Jon Levitan is a student at Harvard Law School and a member of the Labor and Employment Lab.

Analysis of the NLRB’s decision last week to save Scabby the Rat (Lippert Components Inc., 371 NLRB No. 8 (2021)), which Maxwell wrote about last week, continues to roll in. Meagan Day, in Jacobin, celebrated the decision, which she said turned away a “pathetic…attempt at extermination” by former NLRB General Counsel Peter Robb. Day noted that the union at issue in Lippert was the International Union of Operating Engineers (IOUE) Local 150, which fittingly was the very first local to utilize an inflatable rat on the picket line (Day included a picture of the first Scabby, mounted upon a yellow car with “RAT PATROL” painted on the side). The rat became Scabby after the IOUE held a naming contest, and the rest was history. As she expressed relief that Scabby has survived, Day warned, in the headline, that Scabby’s “enemies never sleep.”
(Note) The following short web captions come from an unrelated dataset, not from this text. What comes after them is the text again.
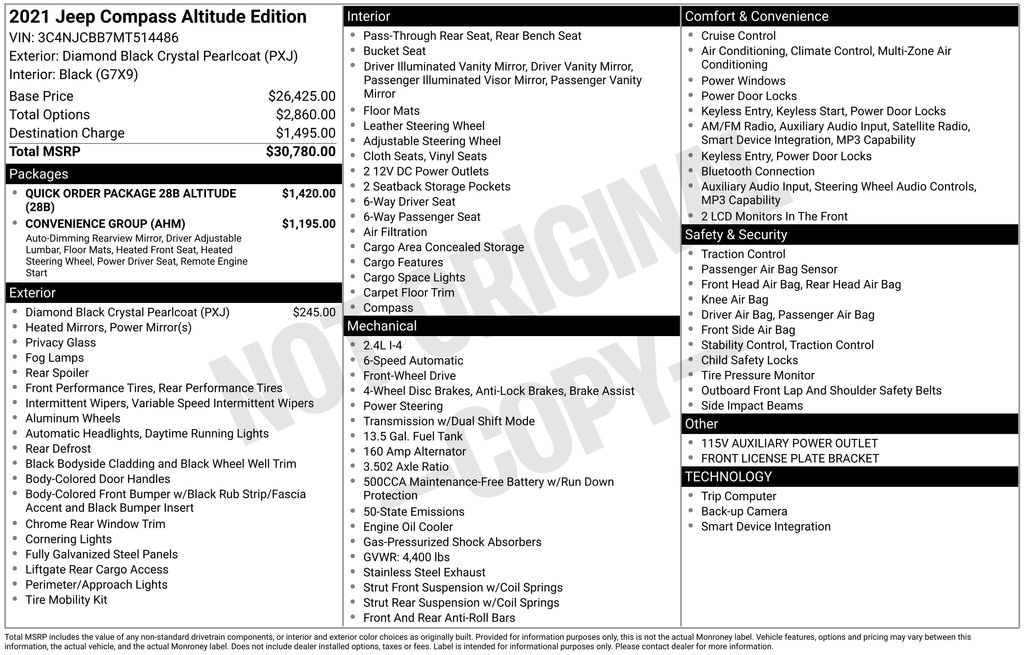 Used 2021 Jeep Compass Latitude SUV
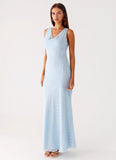 Sundance Chiffon Maxi Dress Blue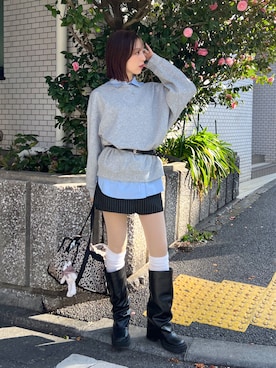 「Heather（ヘザー）のアイテム」を使った、kannaさん（レディース・163cm）の春コーディネート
Speaking of Scabby’s enemies, a group of management-side labor lawyers at Morgan Lewis—led by former NLRB chairman and current Morgan Lewis partner Phillip Miscimarra—wrote up an analysis of the Lippert decision for JDSupra. The authors described Scabby as “a 12-foot inflatable rat…of considerable notoriety for its widespread appearances in labor protests.” In the first paragraph the authors criticize the Board’s decision as one that “substantially eroded the protection given to ‘neutral’ parties when unions erect large inflatable rats and other displays targeting businesses that have no direct involvement in the underlying labor dispute.” But they do acknowledge, about halfway through the article, that NLRB precedent already protected the use of Scabby against a secondary employer (Brandon Regional Hospital, 356 NLRB 1290 (2011)) and Lippert would have only meaningfully changed the law if it had come out the other way. Looking ahead, the authors warned employers that Scabby’s survival may just be a harbinger of things to come: the Board’s “decision likely serves as a precursor for even more pro-union decisions in the future as the Board moves from a Republican to Democratic majority.”
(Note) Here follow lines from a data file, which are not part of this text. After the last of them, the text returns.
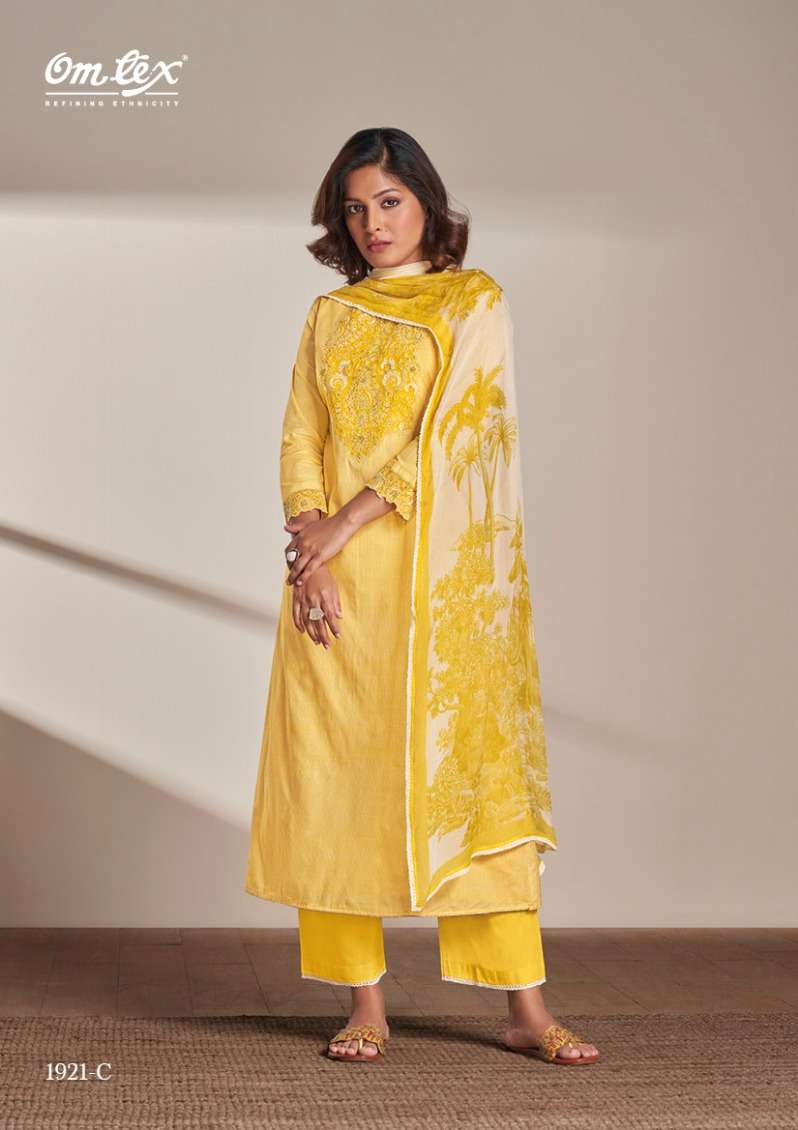 saisha by om tex stylish look designer top bottom with dupatta catalogue wholesale price surat 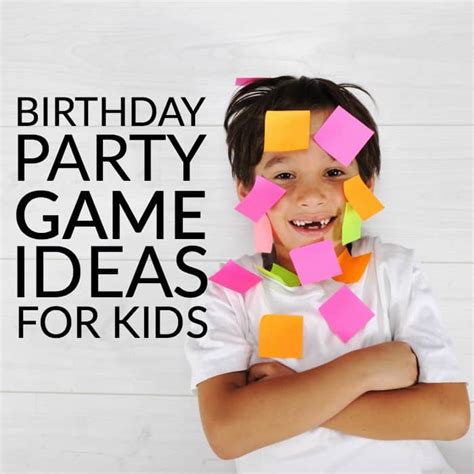 Birthday Party Game Ideas For Kids Mommy Moment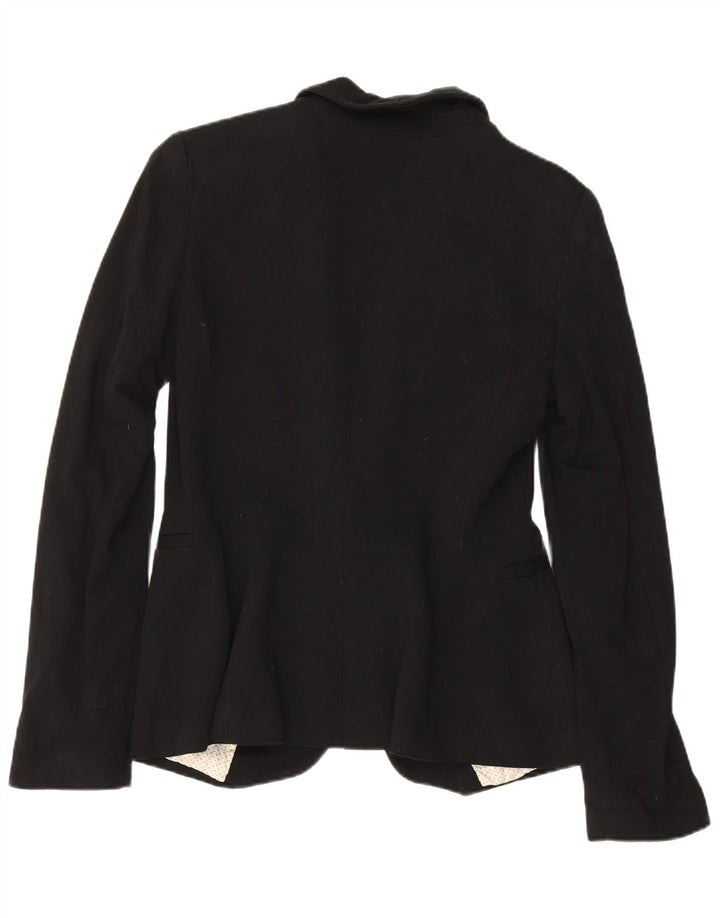 Giacca blazer a 1 bottone da donna Zara UK 10 piccola nera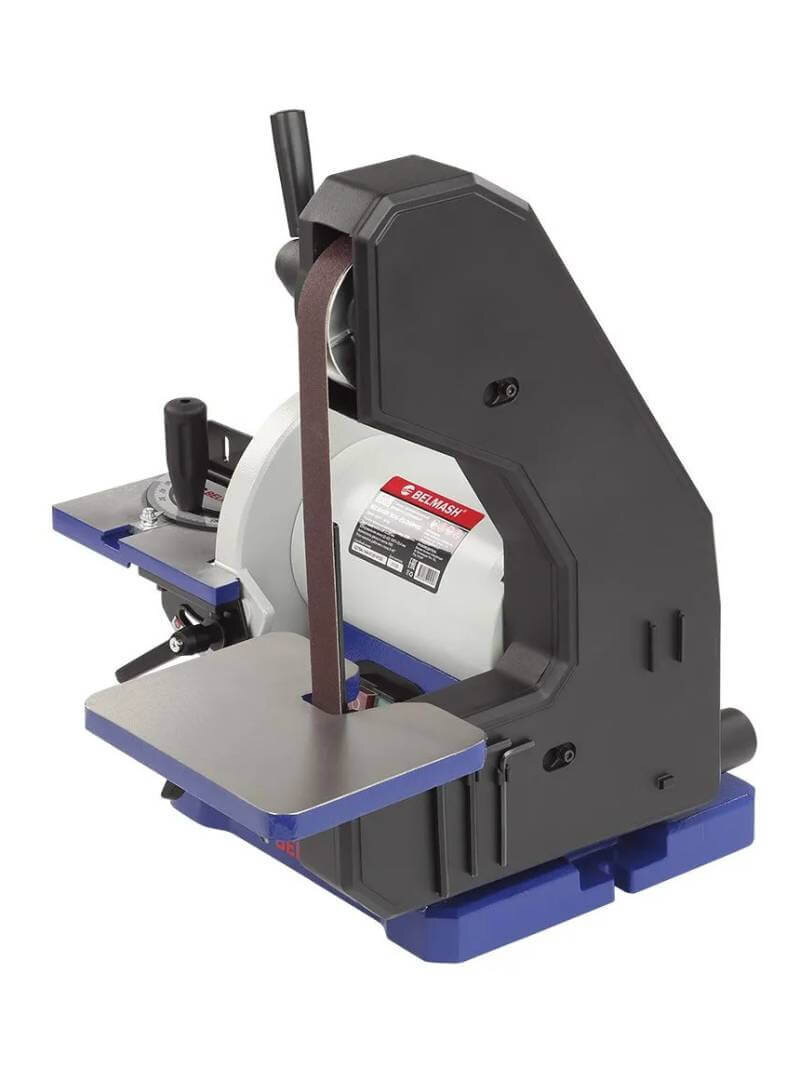 Станок шлифовальный ленточно-дисковый БЕЛМАШ BDG 25/200PRO (S279A)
The Morgan Lewis team’s warning was well-timed, as Senate Majority Leader Chuck Schumer (D-N.Y.) moved yesterday to begin limited debate on the nominations of union-side labor lawyers Gwynne Wilcox and David Prouty for seats on the NLRB. Ian Kullgreen of Bloomberg Law wrote that Schumer’s procedural move means that final confirmation votes for Wilcox and Prouty could happen in the next few days. Wilcox and Prouty are both expected to be confirmed by the Democratic-controlled Senate. 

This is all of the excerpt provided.